Exercise details: Once you reach the line containing "中海星湖国际,南北通透,纯毛坯四房,中间楼层,安静位置" in the data below, restate each line word for word up to and including the one containing "Apartment in Barcelona, Spain".
Provided material: Begin
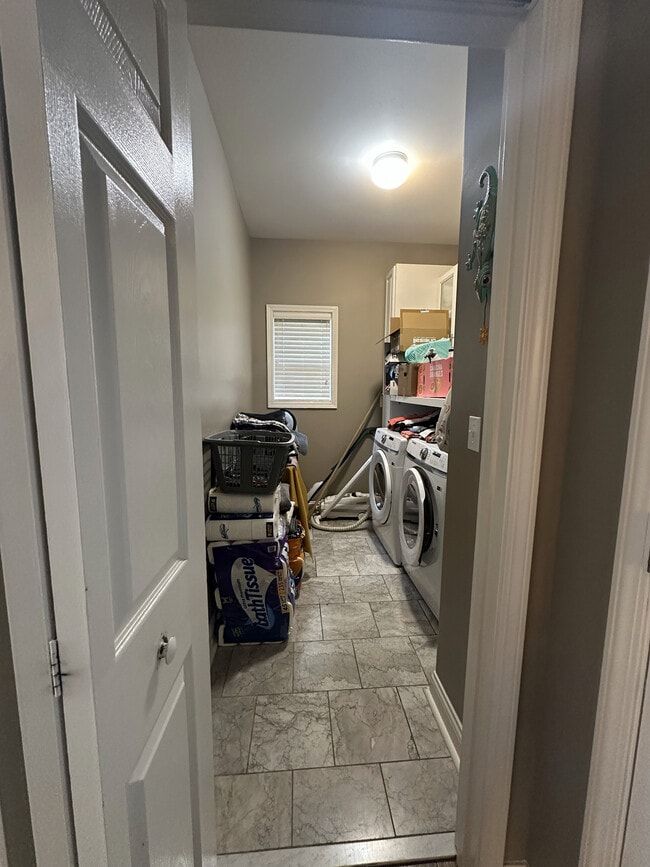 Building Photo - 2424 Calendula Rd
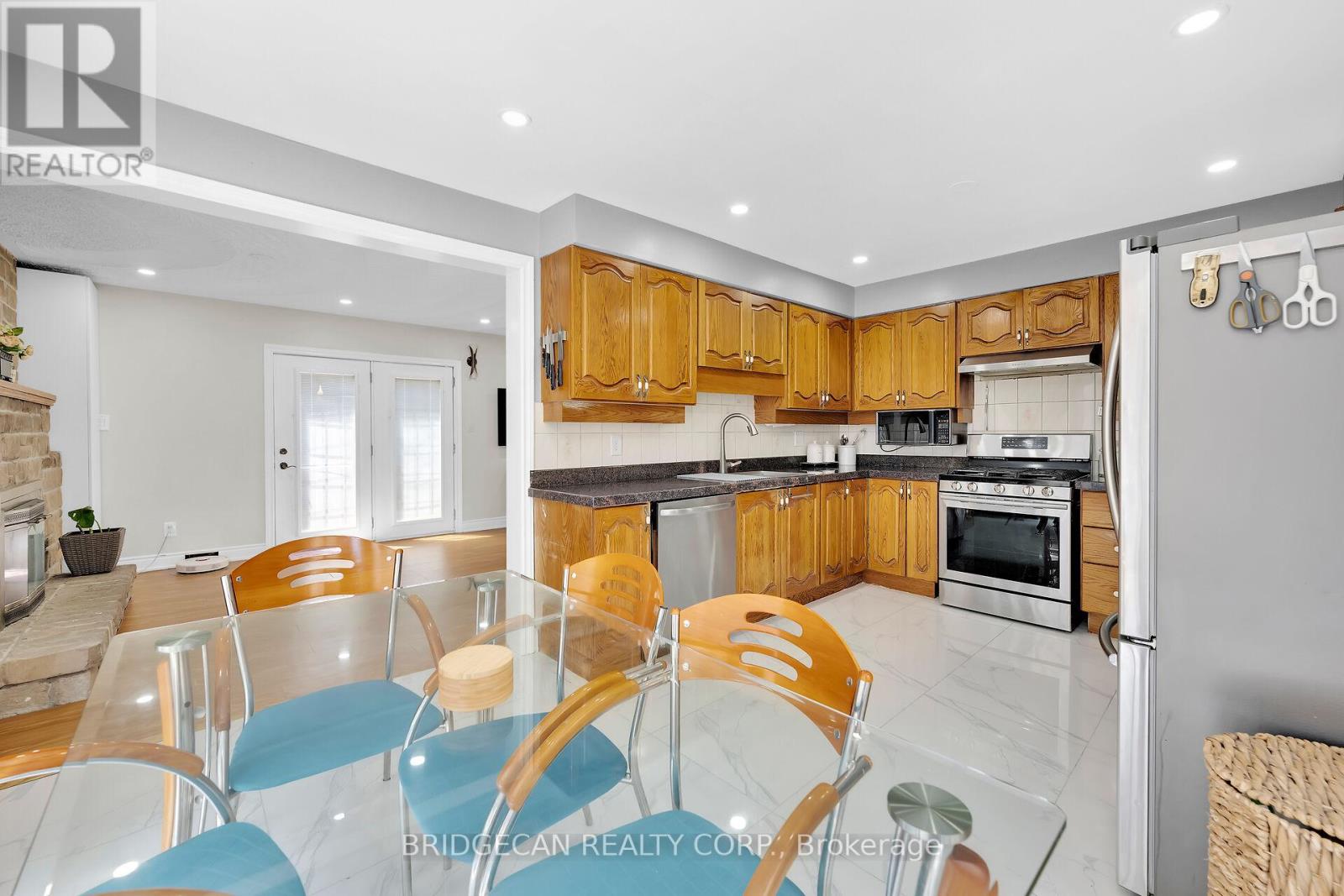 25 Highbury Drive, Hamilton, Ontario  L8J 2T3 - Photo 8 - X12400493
Provided material: End
Provided material: Begin
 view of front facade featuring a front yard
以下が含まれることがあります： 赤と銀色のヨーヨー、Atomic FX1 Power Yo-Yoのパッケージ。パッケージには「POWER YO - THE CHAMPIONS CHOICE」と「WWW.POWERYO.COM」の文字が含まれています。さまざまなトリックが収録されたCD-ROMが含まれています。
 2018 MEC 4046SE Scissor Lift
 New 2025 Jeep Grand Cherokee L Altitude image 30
Provided material: End
Provided material: Begin
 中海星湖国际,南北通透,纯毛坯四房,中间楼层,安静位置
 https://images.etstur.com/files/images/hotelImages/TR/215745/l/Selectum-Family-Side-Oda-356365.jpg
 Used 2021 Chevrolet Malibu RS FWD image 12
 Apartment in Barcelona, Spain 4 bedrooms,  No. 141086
Provided material: End
Task output:
 中海星湖国际,南北通透,纯毛坯四房,中间楼层,安静位置
 https://images.etstur.com/files/images/hotelImages/TR/215745/l/Selectum-Family-Side-Oda-356365.jpg
 Used 2021 Chevrolet Malibu RS FWD image 12
 Apartment in Barcelona, Spain 4 bedrooms,  No. 141086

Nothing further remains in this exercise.